Сульпиций не находит достаточно резких слов, чтобы заклеймить, с одной стороны, преступное вмешательство государства в дела Церкви[1056], с другой – раболепство развращенного епископата перед государем[1057]. Один Мартин "почти исключительный пример того, как лести царской не уступила святительская твердость"[1058]. Даже тогда, когда Мартин печалуется перед императором за осужденных, "он скорее повелевает, нежели просит"[1059]. Смиренный перед всеми, сносящий обиды клириков, умывающий ноги гостям[1060], Мартин становится необычайно суров и властен в обращении с представителями государства. Чтобы посрамить их гордость, он забывает о собственном смирении. А между тем в основе, как личной кротости, так и общественной непримиримости, один и тот же религиозный опыт: образ уничиженного Иисуса[1061].
Этот евангельский образ, оживший в Мартине, требует от него и дальнейшего отрыва от исторического даже церковного быта. Мартин (или Север) не для того восстает против вмешательства государства в дела Церкви, чтобы бороться за церковную теократию. К церковной иерархии они проявляют большую холодность. Мы видели, как низко ценил Мартин свою собственную епископскую власть[1062]. Известно, что он, как и Север, живет в открытой вражде с галльскими епископами[1063]. При избрании своем Мартин встретил оппозицию именно со стороны епископата[1064]. Да и впоследствии у него, по словам Севера, не было врагов, кроме епископов[1065]. Они готовы были, по словам Севера, добиться от императора смертного приговора для Мартина, как виновного в соучастии с еретиками (присциллианистами)[1066].Святой уклоняется от общения с епископами Галлии[1067], за исключением двух, ему преданных, не посещает соборов и считает, что "в его время едва ли не один Павлин исполняет евангельские заповеди"[1068]. Сульпиций также много повествует о преследованиях против него лично одного епископа (единственного бывшего ранее благосклонным)[1069]. Даже упоминая о борьбе Мартина с арианством в Иллирии, он делает ответственными за ересь иерархов[1070] и в рассказах о Востоке находит место упрекнуть Александрийского епископа в жестокости к монахам[1071].

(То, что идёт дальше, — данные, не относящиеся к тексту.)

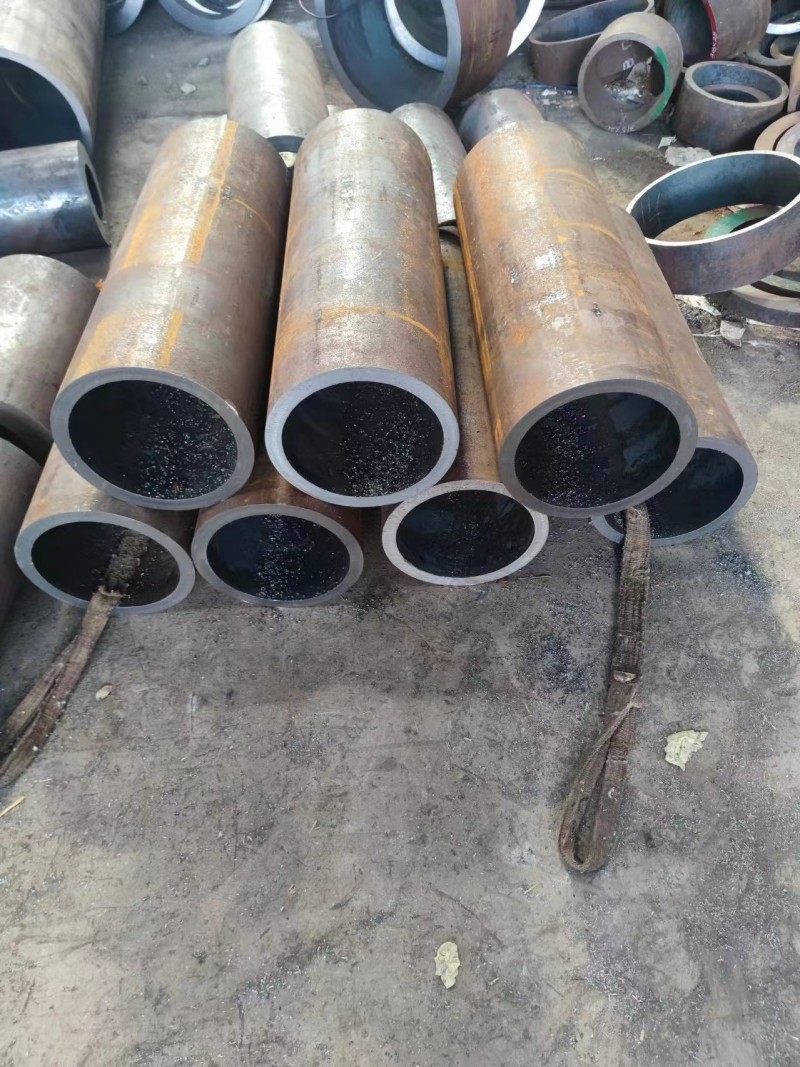 沙河沙河沙河12Cr1MovG无缝钢管切割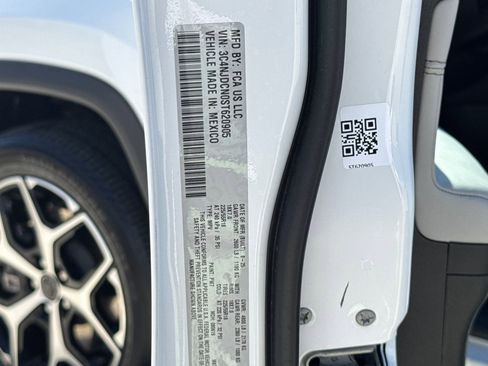 Used 2025 Jeep Compass Limited image 23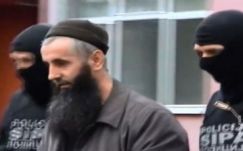 Toborzás vádjával hét év börtönbüntetésre ítéltek egy boszniai imámot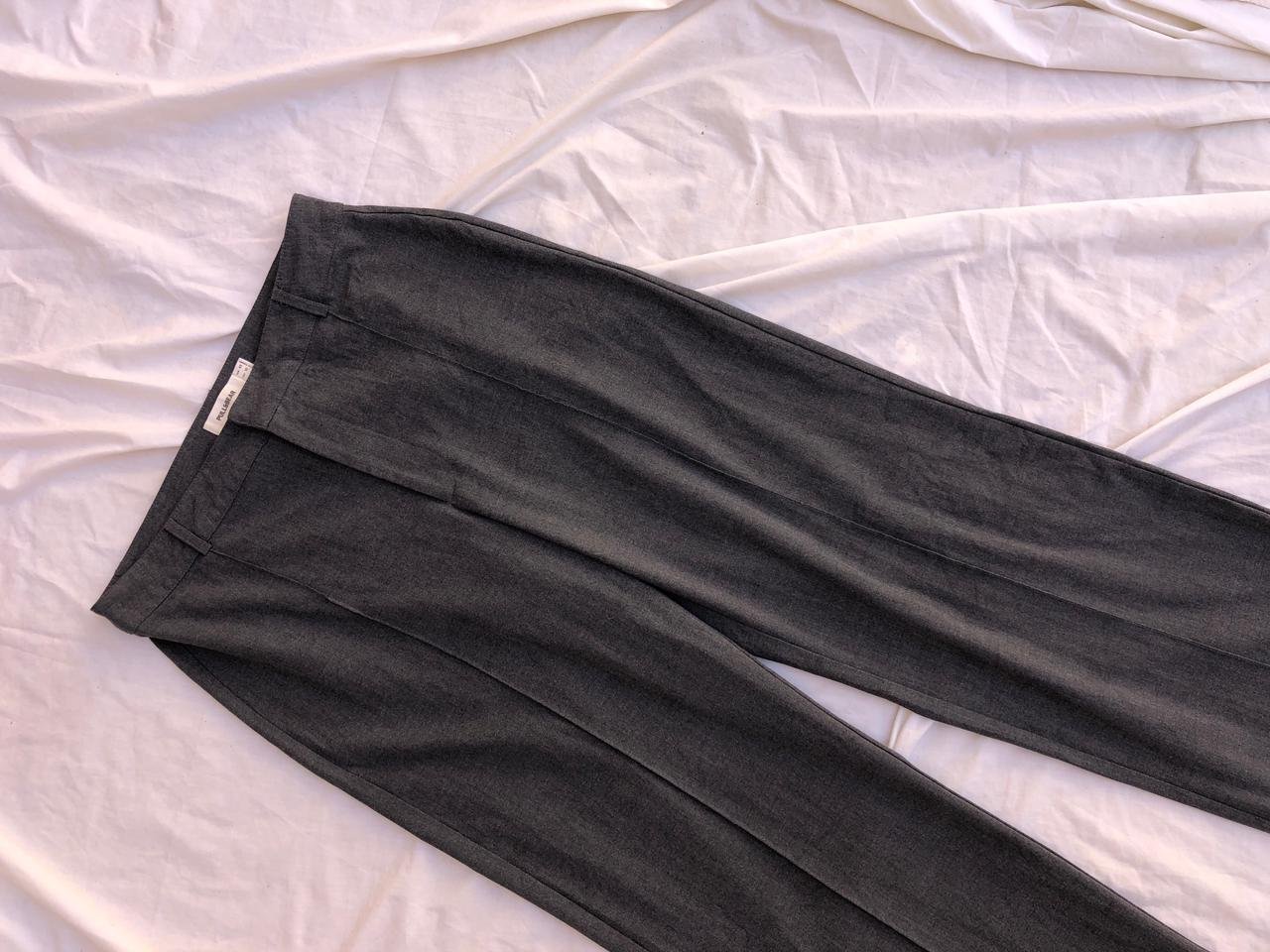 Pantalon gris charbon pull& Bear 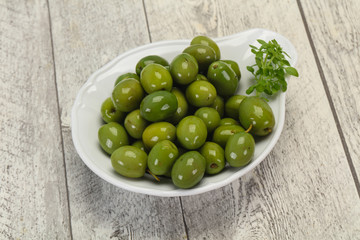 Green Campo Real olives in the bowl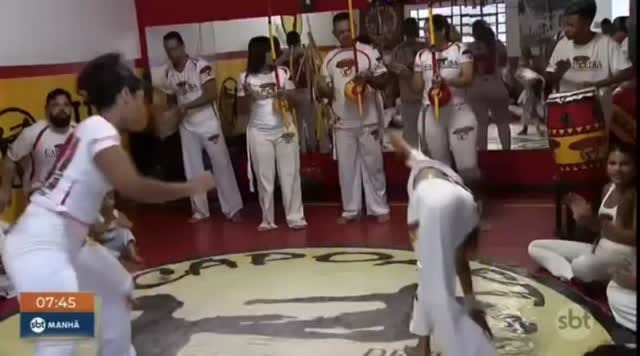 Post 9 by Vitória Carvalho on Instagram (video)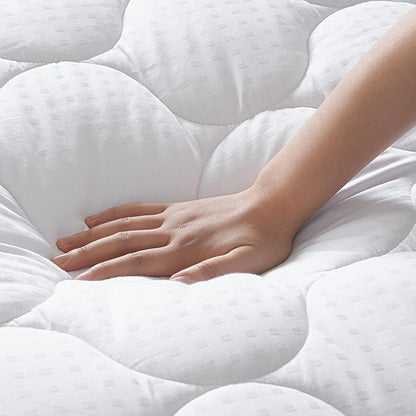 LEISURE TOWN King Mattress Pad Fitted Quilted Cotton Mattress Cover Cooling Soft Pillow Top Mattress Topper with Down Alternative Filling Mattress Protector with 8-21 Deep Pocket (78x80 White)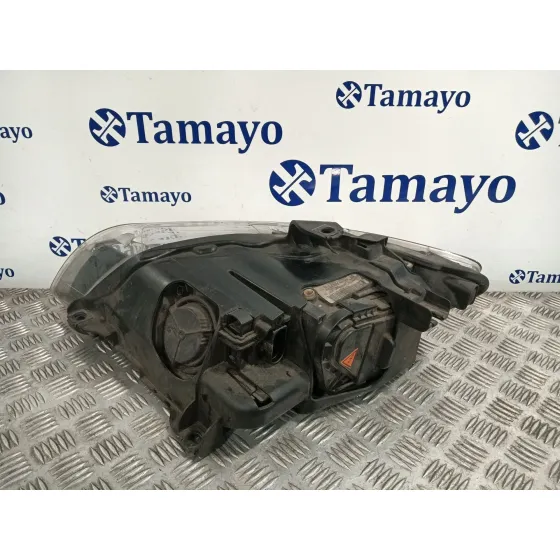 Faro Derecho para Audi Q7 (4Lb)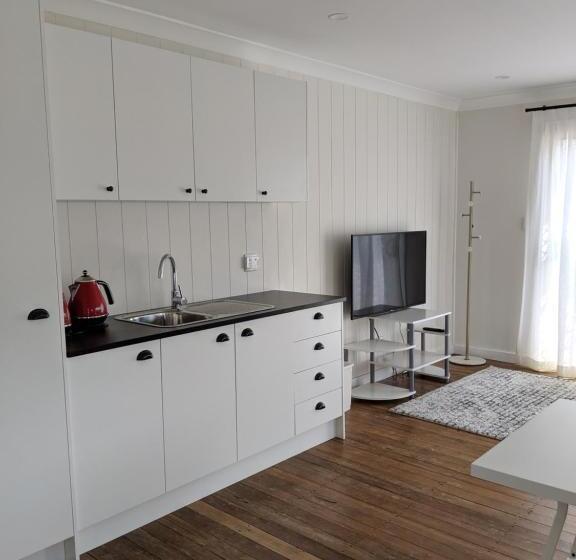 デラックスバンガロー, Araluen Motor Lodge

Итак, ни государство, ни культура, ни церковная иерархия не пользуются уважением в глазах Мартина и Сульпиция. То анахорет, то бродячий миссионер[1072], Мартин не дает опутать себя никакими социальными узами. Непокорный никому, он не требует и от других повиновения. Не только епископ без власти, но и аббат без авторитета, он терпит самые возмутительные оскорбления и распущенность своего ученика Бриция: "если Христос терпел Иуду, почему мне не терпеть Бриция?"
1056
Saevum esse et inauditum nefas, ut causam ecclesiae iudex saeculi iudicaret. Chr. II, 50, 5. Cf. D I 7, 2: saevo exemplo.
1057
foeda circa principem omnium adulatio notaretur seque degeneri inconstantia regiae clientelae sacerdotalis dignitas subdidisset V. M. 20, 1.
1061
Уместно вспомнить, что у другого социального радикала младшего поколения (V в.), тесно связанного с аскетическими кругами Галлии (Лерин), у Сальвиана, в основе его ригоризма лежит тот же образ Иисуса: "вселенский Страдалец, самый бедный в мире, ибо чувствует беду всех".
1062
Не понимаем, как мог Zockler усмотреть в нем "eine Synthese von bischoflicher Regententugend und von asketischer Strenge". Askese und Monchtum, B. II, p. 333.
1063
Мартин живет inter clericos dissidentes, inter episcopos saevientes, cum fere cotidianis scandalis. D I 24, 3.
1065
non alii fere insectatores eius, licet pauci admodum, nоn alii tamen quam episcopi ferebantur. Ib. c. 27, 3; Cf. D I 26, 3.
1066
nес multum aberat, quin cogeretur imperator Martinum cum haereticorum sorte miscere. D III 12, 2.